Die Gräfin bog sich nieder, ihr Windspielchen zu streicheln, das sich an sie gedrängt hatte, und fuhr fort:

Was ich sagen wollte – ja! Dann sind Sie inzwischen in den Schoß unserer heiligen Kirche übergetreten, was unbedingt notwendig ist, meine Liebe, unbedingt! – und kommen zu uns nach Frankreich, wo Sie von dem Grafen und mir an der Grenze – kein Wort, meine Liebe! es ist das alles zwischen Héricourt und uns abgemacht – das wenigste, was wir für unseren Freund tun können – überdies, es geht gar nicht anders – die einfache Schicklichkeit erfordert es. Wir eskortieren Sie nach Paris, wo Héricourt Sie in unserem Hause begrüßen wird, wo Sie bis zu dem Tage der Vermählung bleiben. Nun, meine Liebe, sagen Sie selbst: gibt es auf der Welt etwas Einfacheres? – Artig, Fisine! Das liebe Ding! Sehen Sie doch! Ich glaube wahrhaftig, es weiß, daß es nach Frankreich zurückkommen wird!

Die Gräfin liebkoste das Windspielchen, das ihr auf den Schoß gesprungen war. Minna hatte, während die Gräfin sprach, ihren starren Blick nicht verändert. Sie schaute auch jetzt nicht auf, als sie leise sagte:

Glauben Sie, daß seine Mutter bei der Vermählung zugegen sein wird?
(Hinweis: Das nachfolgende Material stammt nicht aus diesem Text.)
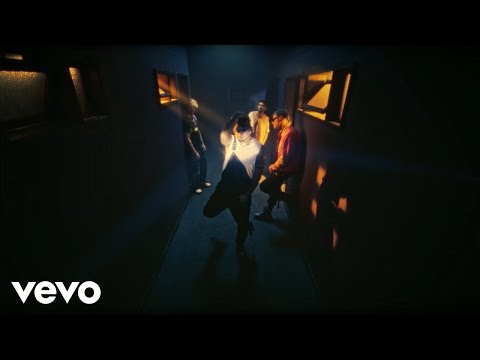 CNCO - No Apagues la Luz (Official Video)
Die Gräfin konnte nicht sogleich antworten, sie mußte erst das Halsband ihres Lieblings, das sich verschoben hatte, zurechtrücken. Und dann:

Die Frau Marquise? Ja, meine Liebe, offengestanden: ich glaube nicht. Sie dürfen ihr das nicht verübeln. Ich habe die Ehre, die Frau Marquise zu kennen: unsere Güter in der Bretagne und Schloß Larnac, die Residenz der Frau Marquise, sind ja benachbart – deshalb auch die Jugendfreundschaft zwischen Héricourt und dem Grafen. Also: ich kenne die Frau Marquise – eine Dame, der höchsten Achtung wert in jeder Beziehung; – aber – es ist sehr seltsam: in der älteren Linie der Héricourts, der Héricourts schlechtweg – geht eine Ader von Neuerungssucht und Demokratismus – wie sich denn auch Hypolits Vetter Bertram mit einer Rotüriere vermählt hat – während die Drouot d'Héricourts die alten Traditionen immer heiliggehalten haben. Hypolits Vater, wissen Sie, starb unter der Guillotine, ein Opfer der Schreckensherrschaft. Darf man es seiner Witwe – auch wenn sie nicht eine geborene Duchesse Morbihan aus einem Geschlechte wäre, älter als das der Bourbons –-darf man sich wundern, sage ich, daß sie sterben will, wie sie gelebt hat: treu ihrem Gott und ihrem König?

Das heißt, sagte Minna, wenn ich nicht irre: sie wird bei unserer Vermählung nicht nur nicht zugegen sein, sondern auch nie in sie willigen. Und doch sagten Sie vorhin: es liege nur an mir, eine der Ihren zu werden!

Mein Gott, rief die Gräfin, man muß dergleichen nicht buchstäblich nehmen. Man muß eben sehen, was sich machen läßt. Unser alter Adel, ich gebe es zu, ist der stolzeste der Welt; aber auch zugleich der, der dem Kultus der Schönheit und des Geistes am eifrigsten huldigt. Nun, meine Liebe – ohne Ihnen schmeicheln zu wollen – es müßte seltsam zugehen, wenn Sie sich mit Ihrer Schönheit und Ihrem Geiste diese stolze Welt nicht erobern sollten. Haben Sie doch uns bereits erobert, den Grafen und mich, und dürfen wir uns doch rühmen, in dieser Welt nicht die Letzten zu sein! Aber nun, den Kopf in die Höhe, meine Liebe! Ich höre unsere Herren kommen. Wir dürfen ihnen keine verweinten Augen zeigen.

Sie nahm ihr Taschentuch, das sie Minna schnell ein paarmal auf die Augen drückte, während Fifine von ihrem Schoße herab den Herren, die zur Tür hereintraten, bellend entgegensprang.